St. Petersburg Politician Charged Over Bucha Massacre Claims

A member of St. Petersburg’s legislative assembly, Boris Vishnevsky, has been charged with “discrediting the Russian army,” the local newspaper Zaks.ru reported Monday. 

Prosecutors charged prominent opposition deputy Boris Vishnevsky and former deputy Maxim Reznik with spreading “material about the city of Bucha” and information on the “large number of civilians killed,” the court told the independent media outlet Rotonda. 

The charges relate to an open letter Vishnevksy signed alongside other prominent Russian figures asking Russia’s Investigative Committee chairman Alexander Bastrykin to investigate the massacre of civilians that took place in the Kyiv suburb of Bucha in March. 

Both politicians said they had been unaware of the charges before they were announced, though Reznik, who left Russia on Sep. 16, broadly welcomed the news.

“Overall I am glad.

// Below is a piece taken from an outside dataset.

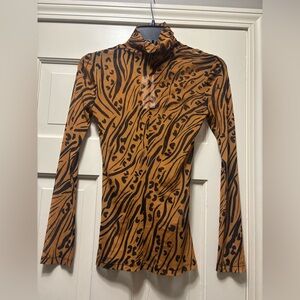 BCBGeneration Animal Print Long Sleeve sheer mesh Top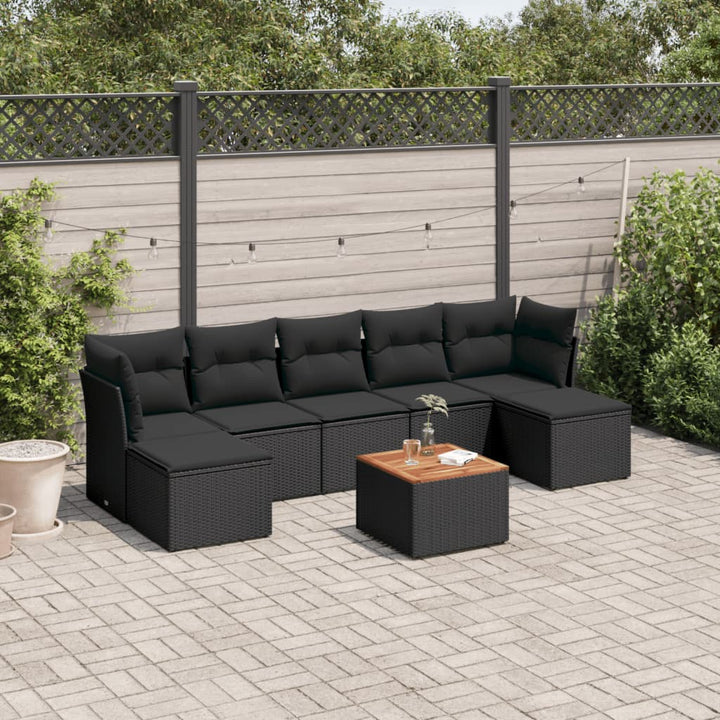 Loungegrupp För Trädgården Med Dynor 8 Delar Konstrotting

If this hadn’t happened, I would start to think I wasn’t working hard enough,” he said. 

If found guilty, both men could face a fine of up to 50,000 rubles ($715). 

Vishnevsky, a member of the liberal Yabloko party who has remained in Russia since the invasion of Ukraine, said that prosecutors had not asked him to attend the police station for initial questioning as is usual protocol in the building of a case.

Vishnevksy made the news in 2021 for being forced to run against multiple doppelgängers bearing his name and surname in St. Petersburg’s municipal elections that year and has been a thorn in the side of the authorities for some time.

In December, the politician revealed that the St. Petersburg authorities had donated $1.5 million from the city’s municipal budget toward the reconstruction of Mariupol, the Russian-occupied southern Ukrainian port city largely destroyed by Russian troops last year.